* About this exercise:
Taking the line with "过膝黑丝还是连裤黑丝好看？灰" as the first and the line with "Các hố chôn" as the last, set down exactly every line in that range from the entries below, and no more.

* Data for review:
══════════════════════════════
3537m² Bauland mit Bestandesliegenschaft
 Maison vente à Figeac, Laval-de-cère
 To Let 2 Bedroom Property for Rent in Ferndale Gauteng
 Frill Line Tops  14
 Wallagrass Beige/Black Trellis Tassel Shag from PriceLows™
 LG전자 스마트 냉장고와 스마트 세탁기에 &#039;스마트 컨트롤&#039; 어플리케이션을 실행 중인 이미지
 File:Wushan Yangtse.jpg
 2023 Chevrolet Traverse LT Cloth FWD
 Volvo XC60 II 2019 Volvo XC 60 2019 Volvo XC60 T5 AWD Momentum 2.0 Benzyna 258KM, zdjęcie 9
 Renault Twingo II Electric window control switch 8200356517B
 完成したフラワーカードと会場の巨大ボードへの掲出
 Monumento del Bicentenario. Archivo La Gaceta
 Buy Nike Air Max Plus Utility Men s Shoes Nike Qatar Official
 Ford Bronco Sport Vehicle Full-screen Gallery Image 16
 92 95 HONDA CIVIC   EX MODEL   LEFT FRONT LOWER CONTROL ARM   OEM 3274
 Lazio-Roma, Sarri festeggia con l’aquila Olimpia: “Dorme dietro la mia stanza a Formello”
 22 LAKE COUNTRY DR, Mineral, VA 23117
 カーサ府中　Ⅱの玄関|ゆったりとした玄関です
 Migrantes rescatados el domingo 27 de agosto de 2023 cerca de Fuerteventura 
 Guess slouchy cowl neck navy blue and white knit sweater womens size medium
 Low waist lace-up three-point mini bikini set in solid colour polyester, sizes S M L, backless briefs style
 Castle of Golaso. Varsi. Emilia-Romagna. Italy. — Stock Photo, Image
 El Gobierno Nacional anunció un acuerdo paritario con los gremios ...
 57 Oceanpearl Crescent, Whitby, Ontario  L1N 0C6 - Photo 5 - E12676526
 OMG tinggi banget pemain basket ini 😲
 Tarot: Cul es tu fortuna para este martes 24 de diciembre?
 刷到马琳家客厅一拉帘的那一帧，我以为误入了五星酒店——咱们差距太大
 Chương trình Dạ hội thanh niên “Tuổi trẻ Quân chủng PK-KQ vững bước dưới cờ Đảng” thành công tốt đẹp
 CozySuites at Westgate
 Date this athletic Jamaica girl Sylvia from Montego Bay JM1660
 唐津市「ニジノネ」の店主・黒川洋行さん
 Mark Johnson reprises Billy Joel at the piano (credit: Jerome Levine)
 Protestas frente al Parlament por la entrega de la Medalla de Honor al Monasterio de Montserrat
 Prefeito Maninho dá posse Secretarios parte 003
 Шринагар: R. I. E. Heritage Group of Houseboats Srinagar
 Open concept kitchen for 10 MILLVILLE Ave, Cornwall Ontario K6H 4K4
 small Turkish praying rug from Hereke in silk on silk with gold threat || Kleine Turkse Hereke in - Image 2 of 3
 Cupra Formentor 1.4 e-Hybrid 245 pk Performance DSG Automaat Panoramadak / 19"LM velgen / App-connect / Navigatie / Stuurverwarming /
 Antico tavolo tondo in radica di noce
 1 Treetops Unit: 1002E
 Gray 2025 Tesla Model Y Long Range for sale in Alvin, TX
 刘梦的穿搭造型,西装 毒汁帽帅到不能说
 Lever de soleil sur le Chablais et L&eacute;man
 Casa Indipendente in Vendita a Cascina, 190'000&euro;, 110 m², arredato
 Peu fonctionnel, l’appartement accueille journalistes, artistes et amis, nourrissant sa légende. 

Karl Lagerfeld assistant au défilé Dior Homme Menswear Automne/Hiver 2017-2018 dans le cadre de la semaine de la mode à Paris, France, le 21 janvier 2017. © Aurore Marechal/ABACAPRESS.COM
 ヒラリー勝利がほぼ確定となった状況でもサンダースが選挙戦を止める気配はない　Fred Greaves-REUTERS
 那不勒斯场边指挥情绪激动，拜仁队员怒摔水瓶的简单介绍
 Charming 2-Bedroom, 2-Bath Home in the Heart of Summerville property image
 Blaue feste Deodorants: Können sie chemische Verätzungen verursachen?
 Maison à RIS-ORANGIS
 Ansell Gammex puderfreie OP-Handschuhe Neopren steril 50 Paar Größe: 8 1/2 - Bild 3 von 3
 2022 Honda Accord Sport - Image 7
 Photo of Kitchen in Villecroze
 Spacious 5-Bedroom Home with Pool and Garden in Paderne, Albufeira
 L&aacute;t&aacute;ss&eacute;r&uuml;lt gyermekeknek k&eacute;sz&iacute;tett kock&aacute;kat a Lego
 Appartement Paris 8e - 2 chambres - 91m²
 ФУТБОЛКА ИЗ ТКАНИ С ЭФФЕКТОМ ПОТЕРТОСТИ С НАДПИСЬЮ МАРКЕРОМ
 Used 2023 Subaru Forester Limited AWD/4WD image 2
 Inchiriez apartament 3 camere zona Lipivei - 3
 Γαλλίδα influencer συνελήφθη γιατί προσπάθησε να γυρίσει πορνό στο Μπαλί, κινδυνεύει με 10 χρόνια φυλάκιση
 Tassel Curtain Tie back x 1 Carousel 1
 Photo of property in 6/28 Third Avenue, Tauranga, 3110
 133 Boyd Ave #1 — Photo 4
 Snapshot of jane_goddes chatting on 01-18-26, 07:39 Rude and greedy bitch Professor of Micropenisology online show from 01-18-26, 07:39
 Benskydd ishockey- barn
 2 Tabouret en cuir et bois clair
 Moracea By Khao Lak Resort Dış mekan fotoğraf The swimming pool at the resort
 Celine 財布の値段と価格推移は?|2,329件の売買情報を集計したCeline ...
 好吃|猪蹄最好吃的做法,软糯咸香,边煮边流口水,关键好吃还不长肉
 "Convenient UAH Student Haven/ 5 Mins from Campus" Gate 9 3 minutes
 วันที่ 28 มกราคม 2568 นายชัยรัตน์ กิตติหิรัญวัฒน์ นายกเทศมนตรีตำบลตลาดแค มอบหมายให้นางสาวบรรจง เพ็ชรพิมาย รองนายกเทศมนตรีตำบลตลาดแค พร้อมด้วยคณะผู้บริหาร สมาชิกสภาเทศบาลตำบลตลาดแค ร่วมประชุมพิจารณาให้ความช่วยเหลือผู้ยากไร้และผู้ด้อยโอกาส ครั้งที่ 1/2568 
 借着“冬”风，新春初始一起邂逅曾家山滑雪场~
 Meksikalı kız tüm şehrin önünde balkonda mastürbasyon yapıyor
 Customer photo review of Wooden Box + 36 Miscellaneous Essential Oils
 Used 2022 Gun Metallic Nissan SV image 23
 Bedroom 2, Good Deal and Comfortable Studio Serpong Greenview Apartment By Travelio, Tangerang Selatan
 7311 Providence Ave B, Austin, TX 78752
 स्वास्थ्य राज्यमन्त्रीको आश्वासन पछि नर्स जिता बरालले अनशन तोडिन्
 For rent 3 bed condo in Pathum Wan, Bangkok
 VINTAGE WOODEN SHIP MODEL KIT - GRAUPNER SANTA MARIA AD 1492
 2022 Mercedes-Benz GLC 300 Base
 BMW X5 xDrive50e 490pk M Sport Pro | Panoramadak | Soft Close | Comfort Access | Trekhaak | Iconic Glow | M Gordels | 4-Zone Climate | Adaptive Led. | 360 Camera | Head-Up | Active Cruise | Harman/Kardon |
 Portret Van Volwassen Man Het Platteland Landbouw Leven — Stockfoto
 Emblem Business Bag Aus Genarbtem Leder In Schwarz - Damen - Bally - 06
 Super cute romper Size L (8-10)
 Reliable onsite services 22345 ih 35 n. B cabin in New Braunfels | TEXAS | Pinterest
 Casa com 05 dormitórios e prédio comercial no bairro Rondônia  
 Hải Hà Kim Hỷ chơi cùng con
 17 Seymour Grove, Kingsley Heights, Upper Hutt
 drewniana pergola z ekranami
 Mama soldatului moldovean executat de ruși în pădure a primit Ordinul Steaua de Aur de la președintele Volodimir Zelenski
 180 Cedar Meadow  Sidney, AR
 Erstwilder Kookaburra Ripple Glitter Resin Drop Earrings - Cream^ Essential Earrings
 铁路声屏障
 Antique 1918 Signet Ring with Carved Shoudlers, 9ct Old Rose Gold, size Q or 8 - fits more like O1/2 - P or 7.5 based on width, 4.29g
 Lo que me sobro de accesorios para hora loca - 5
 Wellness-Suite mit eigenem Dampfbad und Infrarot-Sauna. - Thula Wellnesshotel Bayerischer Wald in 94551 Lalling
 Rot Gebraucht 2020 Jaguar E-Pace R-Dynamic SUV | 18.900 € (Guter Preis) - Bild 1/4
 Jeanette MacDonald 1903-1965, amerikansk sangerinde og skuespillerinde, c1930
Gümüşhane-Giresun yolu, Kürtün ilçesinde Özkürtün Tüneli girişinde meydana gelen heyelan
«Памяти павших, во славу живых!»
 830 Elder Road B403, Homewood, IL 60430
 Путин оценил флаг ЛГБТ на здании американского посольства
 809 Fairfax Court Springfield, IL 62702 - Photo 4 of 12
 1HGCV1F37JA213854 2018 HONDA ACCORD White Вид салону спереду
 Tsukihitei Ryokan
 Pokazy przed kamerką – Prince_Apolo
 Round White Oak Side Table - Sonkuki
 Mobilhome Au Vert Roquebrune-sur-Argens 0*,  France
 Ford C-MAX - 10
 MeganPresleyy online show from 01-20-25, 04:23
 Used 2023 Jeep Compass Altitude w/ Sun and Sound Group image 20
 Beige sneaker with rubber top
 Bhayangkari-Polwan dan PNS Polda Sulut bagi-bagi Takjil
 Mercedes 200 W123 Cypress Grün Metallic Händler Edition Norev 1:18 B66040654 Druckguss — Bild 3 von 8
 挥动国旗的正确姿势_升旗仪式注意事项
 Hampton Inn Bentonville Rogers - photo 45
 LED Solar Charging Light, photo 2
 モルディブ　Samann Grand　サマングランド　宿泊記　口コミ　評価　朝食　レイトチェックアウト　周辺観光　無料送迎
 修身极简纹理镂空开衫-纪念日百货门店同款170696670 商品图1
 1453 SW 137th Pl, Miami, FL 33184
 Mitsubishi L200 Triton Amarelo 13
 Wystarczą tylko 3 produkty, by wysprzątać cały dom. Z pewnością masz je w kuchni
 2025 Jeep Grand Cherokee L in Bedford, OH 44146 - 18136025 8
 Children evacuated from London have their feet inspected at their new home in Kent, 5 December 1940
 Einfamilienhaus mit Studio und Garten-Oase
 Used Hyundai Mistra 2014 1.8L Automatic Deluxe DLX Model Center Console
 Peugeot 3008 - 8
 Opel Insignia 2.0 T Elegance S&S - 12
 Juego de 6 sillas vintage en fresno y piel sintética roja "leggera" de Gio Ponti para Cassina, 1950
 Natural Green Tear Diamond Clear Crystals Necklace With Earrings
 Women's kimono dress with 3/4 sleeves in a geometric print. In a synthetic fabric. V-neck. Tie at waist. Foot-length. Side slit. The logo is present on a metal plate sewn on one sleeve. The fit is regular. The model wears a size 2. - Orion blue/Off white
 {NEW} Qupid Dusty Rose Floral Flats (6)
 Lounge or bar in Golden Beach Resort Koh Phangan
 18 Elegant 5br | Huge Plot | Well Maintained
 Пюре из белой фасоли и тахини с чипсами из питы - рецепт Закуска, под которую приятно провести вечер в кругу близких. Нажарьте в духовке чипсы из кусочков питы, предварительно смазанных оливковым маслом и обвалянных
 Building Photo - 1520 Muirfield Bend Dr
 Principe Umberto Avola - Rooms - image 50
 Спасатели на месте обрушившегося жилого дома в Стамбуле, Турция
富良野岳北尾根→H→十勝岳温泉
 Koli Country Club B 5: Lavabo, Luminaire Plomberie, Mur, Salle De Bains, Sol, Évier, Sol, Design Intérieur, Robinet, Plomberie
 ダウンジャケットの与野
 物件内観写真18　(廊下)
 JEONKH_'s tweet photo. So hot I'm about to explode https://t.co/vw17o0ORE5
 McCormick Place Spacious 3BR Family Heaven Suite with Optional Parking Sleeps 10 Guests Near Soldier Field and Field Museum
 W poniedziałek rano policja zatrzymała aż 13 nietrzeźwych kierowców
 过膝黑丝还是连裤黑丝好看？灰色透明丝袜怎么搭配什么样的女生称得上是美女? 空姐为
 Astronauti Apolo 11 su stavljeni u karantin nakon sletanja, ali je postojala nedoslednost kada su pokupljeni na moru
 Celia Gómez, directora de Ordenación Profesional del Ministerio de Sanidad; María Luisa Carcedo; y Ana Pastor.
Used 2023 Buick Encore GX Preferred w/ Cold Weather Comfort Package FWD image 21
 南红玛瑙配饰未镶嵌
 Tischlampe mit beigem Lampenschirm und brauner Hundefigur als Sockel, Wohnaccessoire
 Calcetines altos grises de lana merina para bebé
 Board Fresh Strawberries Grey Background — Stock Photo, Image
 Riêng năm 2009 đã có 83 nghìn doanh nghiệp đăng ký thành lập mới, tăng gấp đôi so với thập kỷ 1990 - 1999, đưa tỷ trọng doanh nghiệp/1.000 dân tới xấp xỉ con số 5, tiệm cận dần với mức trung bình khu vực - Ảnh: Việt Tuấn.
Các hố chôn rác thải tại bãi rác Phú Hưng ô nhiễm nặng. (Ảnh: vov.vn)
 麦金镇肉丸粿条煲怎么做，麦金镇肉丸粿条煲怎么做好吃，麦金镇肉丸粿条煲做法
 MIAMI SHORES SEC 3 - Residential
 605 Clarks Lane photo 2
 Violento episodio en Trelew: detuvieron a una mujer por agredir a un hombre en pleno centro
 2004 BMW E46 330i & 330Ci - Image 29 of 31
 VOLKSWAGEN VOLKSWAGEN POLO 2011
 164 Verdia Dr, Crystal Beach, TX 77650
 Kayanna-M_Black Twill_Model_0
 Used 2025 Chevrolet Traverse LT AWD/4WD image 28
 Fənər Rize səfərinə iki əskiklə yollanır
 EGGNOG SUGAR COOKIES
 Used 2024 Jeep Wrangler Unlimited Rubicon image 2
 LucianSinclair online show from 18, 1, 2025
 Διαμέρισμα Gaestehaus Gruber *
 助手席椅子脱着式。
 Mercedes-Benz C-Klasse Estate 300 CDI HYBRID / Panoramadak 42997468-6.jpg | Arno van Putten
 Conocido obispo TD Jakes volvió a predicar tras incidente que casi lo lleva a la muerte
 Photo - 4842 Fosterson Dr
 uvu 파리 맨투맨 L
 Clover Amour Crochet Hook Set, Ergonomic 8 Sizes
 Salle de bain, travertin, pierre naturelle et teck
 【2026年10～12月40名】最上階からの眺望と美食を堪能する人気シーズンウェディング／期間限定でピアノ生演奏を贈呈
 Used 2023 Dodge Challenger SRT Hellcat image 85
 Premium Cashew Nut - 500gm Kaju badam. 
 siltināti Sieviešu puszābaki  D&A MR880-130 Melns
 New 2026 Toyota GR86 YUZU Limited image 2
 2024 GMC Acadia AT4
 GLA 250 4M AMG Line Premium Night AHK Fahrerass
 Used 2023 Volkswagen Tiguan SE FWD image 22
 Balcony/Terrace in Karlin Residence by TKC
══════════════════════════════
* Answer area:
 过膝黑丝还是连裤黑丝好看？灰色透明丝袜怎么搭配什么样的女生称得上是美女? 空姐为
 Astronauti Apolo 11 su stavljeni u karantin nakon sletanja, ali je postojala nedoslednost kada su pokupljeni na moru
 Celia Gómez, directora de Ordenación Profesional del Ministerio de Sanidad; María Luisa Carcedo; y Ana Pastor.
Used 2023 Buick Encore GX Preferred w/ Cold Weather Comfort Package FWD image 21
 南红玛瑙配饰未镶嵌
 Tischlampe mit beigem Lampenschirm und brauner Hundefigur als Sockel, Wohnaccessoire
 Calcetines altos grises de lana merina para bebé
 Board Fresh Strawberries Grey Background — Stock Photo, Image
 Riêng năm 2009 đã có 83 nghìn doanh nghiệp đăng ký thành lập mới, tăng gấp đôi so với thập kỷ 1990 - 1999, đưa tỷ trọng doanh nghiệp/1.000 dân tới xấp xỉ con số 5, tiệm cận dần với mức trung bình khu vực - Ảnh: Việt Tuấn.
Các hố chôn rác thải tại bãi rác Phú Hưng ô nhiễm nặng. (Ảnh: vov.vn)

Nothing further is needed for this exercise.